> [Problem to work on]: Transcribe the lines from the start of the data below through the line with "Cotton Eternal Zip hoodie", word for word and nothing more.

[Data extracted from a collection]
__________________________________________________

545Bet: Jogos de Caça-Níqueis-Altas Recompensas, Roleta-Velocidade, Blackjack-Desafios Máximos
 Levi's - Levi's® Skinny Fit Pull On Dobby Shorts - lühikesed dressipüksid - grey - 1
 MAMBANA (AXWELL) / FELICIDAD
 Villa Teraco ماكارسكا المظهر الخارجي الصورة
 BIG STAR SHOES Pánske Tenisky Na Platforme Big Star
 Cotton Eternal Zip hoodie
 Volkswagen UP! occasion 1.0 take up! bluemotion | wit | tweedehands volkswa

__________________________________________________

> [Exercise response]:
545Bet: Jogos de Caça-Níqueis-Altas Recompensas, Roleta-Velocidade, Blackjack-Desafios Máximos
 Levi's - Levi's® Skinny Fit Pull On Dobby Shorts - lühikesed dressipüksid - grey - 1
 MAMBANA (AXWELL) / FELICIDAD
 Villa Teraco ماكارسكا المظهر الخارجي الصورة
 BIG STAR SHOES Pánske Tenisky Na Platforme Big Star
 Cotton Eternal Zip hoodie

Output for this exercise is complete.